Respiratory droplets containing the flu virus can travel up to six feet before they settle on surfaces. When an infected person coughs or sneezes without covering their mouth and nose, these droplets can easily spread, potentially infecting others. By covering your mouth and nose with a tissue when coughing or sneezing or doing an “elbow sneeze”, you will help contain respiratory droplets and prevent the spread of the virus.

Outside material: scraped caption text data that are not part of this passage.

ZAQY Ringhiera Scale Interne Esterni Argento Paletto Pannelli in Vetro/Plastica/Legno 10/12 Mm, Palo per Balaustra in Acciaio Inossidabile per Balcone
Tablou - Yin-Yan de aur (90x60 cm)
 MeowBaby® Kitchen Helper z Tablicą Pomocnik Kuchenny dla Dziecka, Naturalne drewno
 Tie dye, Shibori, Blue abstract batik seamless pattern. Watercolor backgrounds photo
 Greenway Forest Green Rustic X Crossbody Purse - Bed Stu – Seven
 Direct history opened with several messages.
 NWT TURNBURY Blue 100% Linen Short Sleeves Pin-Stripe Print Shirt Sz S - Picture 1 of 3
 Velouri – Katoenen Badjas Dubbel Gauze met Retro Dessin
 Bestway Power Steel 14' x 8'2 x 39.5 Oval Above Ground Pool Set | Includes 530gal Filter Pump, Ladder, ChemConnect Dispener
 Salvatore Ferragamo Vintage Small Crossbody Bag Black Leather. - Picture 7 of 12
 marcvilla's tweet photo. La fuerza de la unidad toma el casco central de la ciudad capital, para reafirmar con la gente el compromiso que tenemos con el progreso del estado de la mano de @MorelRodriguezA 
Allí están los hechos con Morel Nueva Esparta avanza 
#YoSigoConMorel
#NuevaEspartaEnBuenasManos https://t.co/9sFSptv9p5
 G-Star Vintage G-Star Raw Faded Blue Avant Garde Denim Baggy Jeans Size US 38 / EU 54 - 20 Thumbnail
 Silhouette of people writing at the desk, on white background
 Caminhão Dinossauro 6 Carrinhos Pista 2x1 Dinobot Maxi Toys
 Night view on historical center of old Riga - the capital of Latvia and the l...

Preventing Flu at Work and School

When the flu is transmitted in the workplace or at school, it may lead to widespread illness, increased absence, and reduced productivity. Preventing the proliferation of the flu is essential for maintaining a healthy environment and reducing the impact of flu season. Below, we list everyday preventive measures that will help minimize the spread of germs.

At work

  • Find out whether your employer has an established plan in the case of a flu outbreak.
  • Check whether flu vaccinations are offered on-site or at other nearby locations.
  • Regularly clean frequently touched objects and surfaces, such as door knobs, keyboards, and phones, to help remove germs.
  • Check whether your workplace provides tissues, alcohol-based hand sanitizer, and disposable wipes.
  • Bring your own food and utensils to work to reduce the risk of transmission through shared items.
  • Keep your hands clean by washing them thoroughly with soap and water or using an alcohol-based hand sanitizer.
  • Take breaks and prioritize self-care to reduce stress and support your immune system health.
  • Show your colleagues how to do some of your tasks so they can cover for you in case you get sick and need to stay home.
  • If you start feeling sick while at work, go home as soon as possible. You should only return to work after you have been fever-free for at least 24 hours.

At school

  • Find out whether your child’s school or childcare program has a plan in place for when an outbreak of flu occurs.
  • Ask the school whether flu vaccinations are offered on-site.
  • Check whether your child’s school routinely cleans frequently touched objects and surfaces. 
  • Check whether the school provides hand sanitizer, tissues, and disposable wipes.
  • Encourage your child to bring their own food and utensils to school to reduce the risk of transmission.
  • Ask whether sick students are separated from others and who will care for them until they can go home.
  • Encourage your child to stay home until they are no longer contagious.
  • Ask about the absentee policy for sick students and staff.
  • Check whether the school has a plan in place for continued learning if there is a flu outbreak that requires school closure.


Flu season is a time to prioritize your health and take necessary precautions to avoid getting sick and spreading the flu to others. By adopting habits such as practicing good hand hygiene, maintaining a healthy lifestyle, and getting vaccinated, you can help reduce the spread of the flu and keep yourself and others safe.